(EXERCISE DETAILS)
Repeat verbatim each line from the line with "Vintage Cabin Creek" to the end of the entries. Pictures do not belong in the copy.

(Crawled caption data)

────────────────────────────────────────

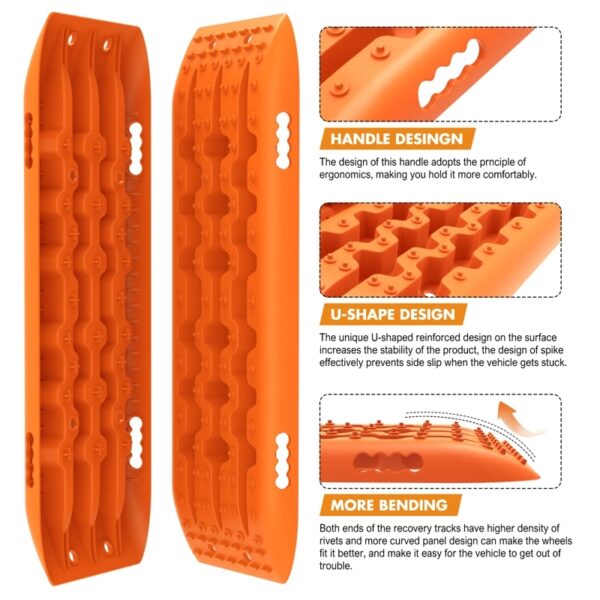 X-BULL KIT2 Recovery tracks 6pcs Board Traction Sand trucks strap mounting 4x4 Sand Snow Car ORANGE - Image 3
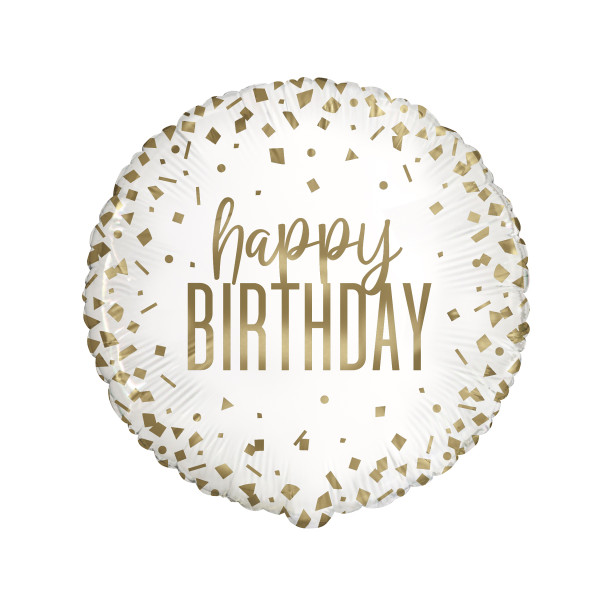 Unique - Confetti Gold Birthday Round Foil Balloon 18", Package - 78447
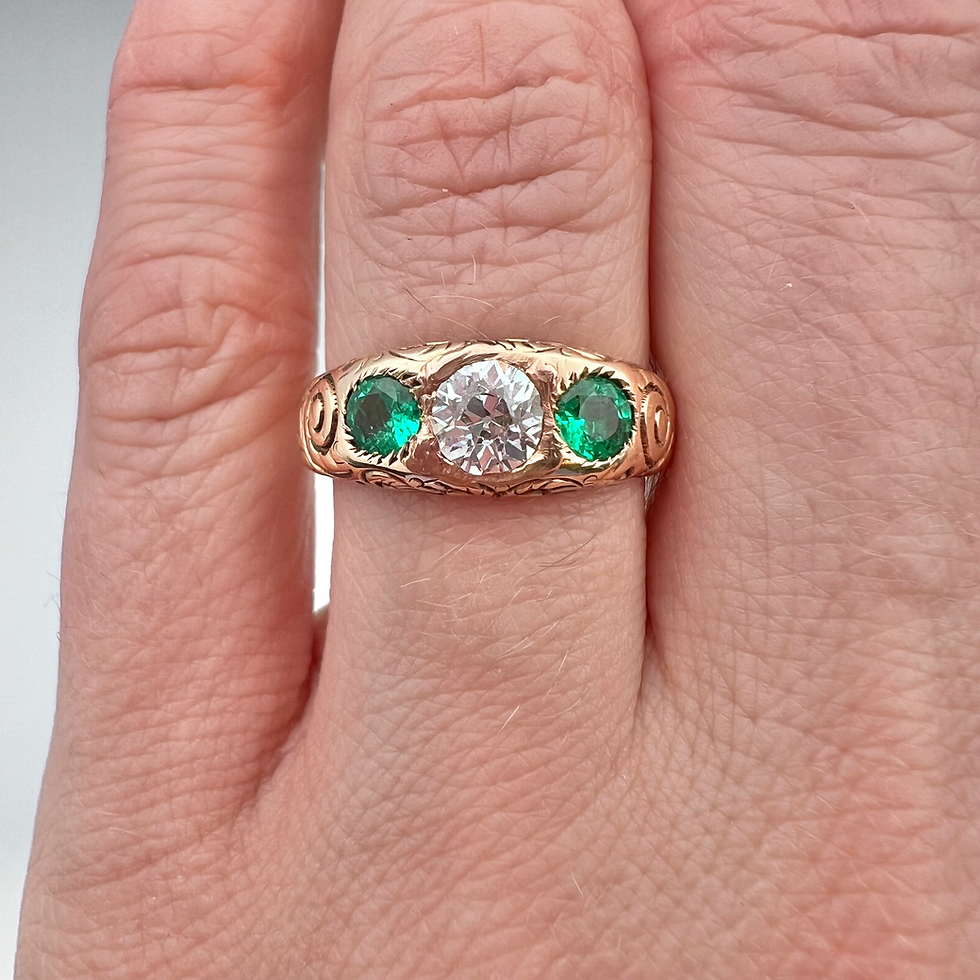 Thumbnail: Antique Rose Gold Diamond & Emerald Ring
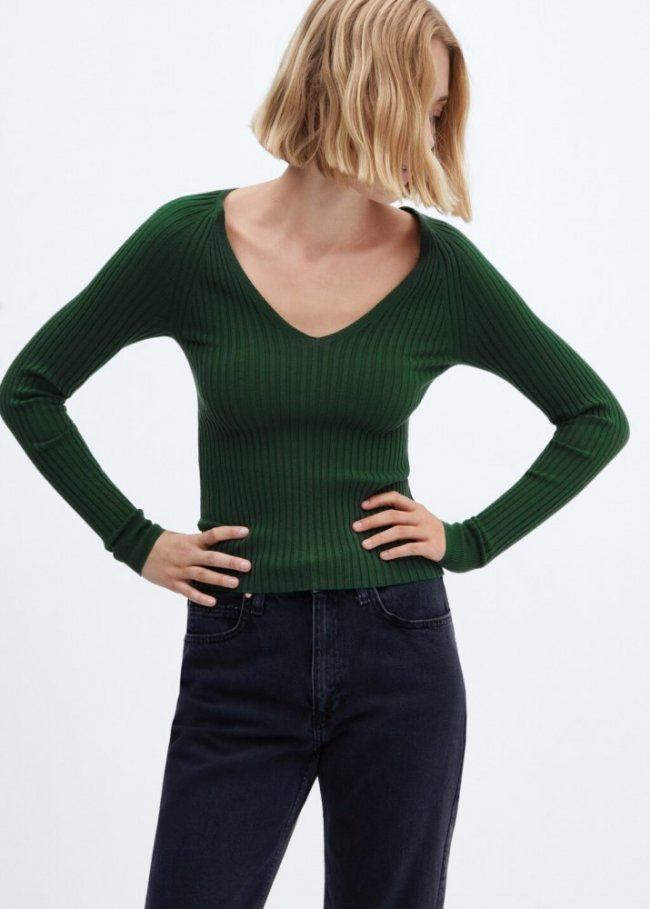 Mango Jersey canalé cuello pico - Verde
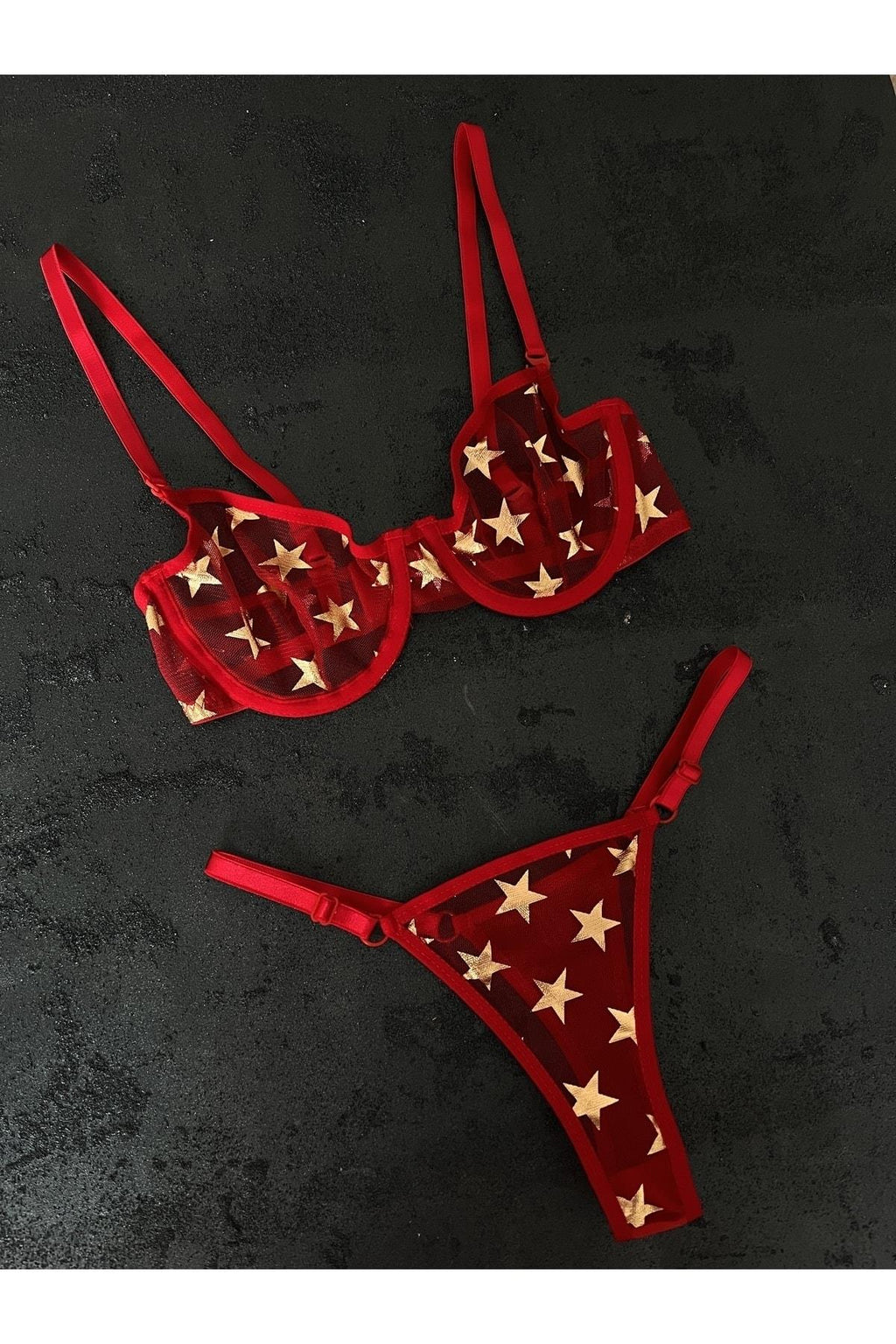 Star Patterned Red Bralette Set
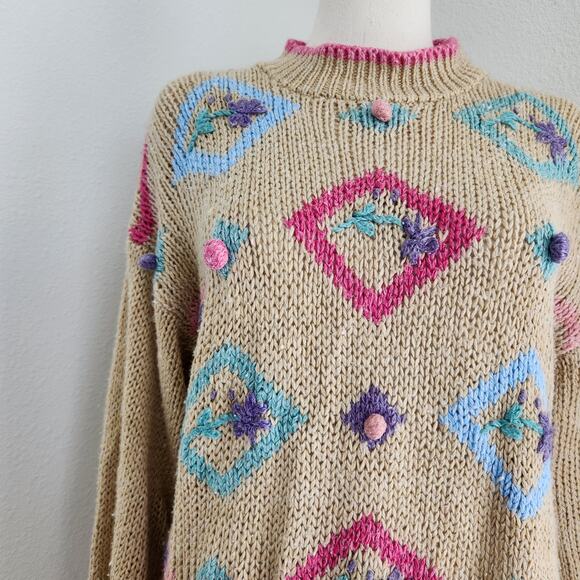 Vintage Cabin Creek Tan Spring Floral Pink Crew Neck Knit Sweater S - Picture 4 of 11
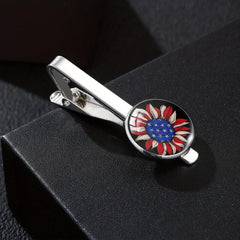 Patriotic Tie Clip With Eagle American Flag Yin Yang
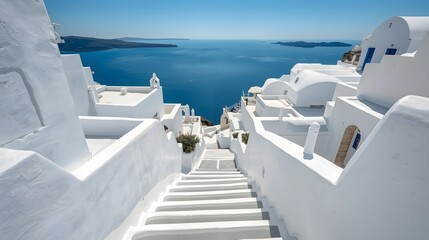 Obraz premium Picturesque view of traditional whitewashed architecture with narrow stone steps leading down to the deep blue sea in Santorini, Greece, showcasing Mediterranean beauty and charm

────────────────────────────────────────

(RESPONSE BELOW)
 Vintage Cabin Creek Tan Spring Floral Pink Crew Neck Knit Sweater S - Picture 4 of 11
 Patriotic Tie Clip With Eagle American Flag Yin Yang
 Obraz premium Picturesque view of traditional whitewashed architecture with narrow stone steps leading down to the deep blue sea in Santorini, Greece, showcasing Mediterranean beauty and charm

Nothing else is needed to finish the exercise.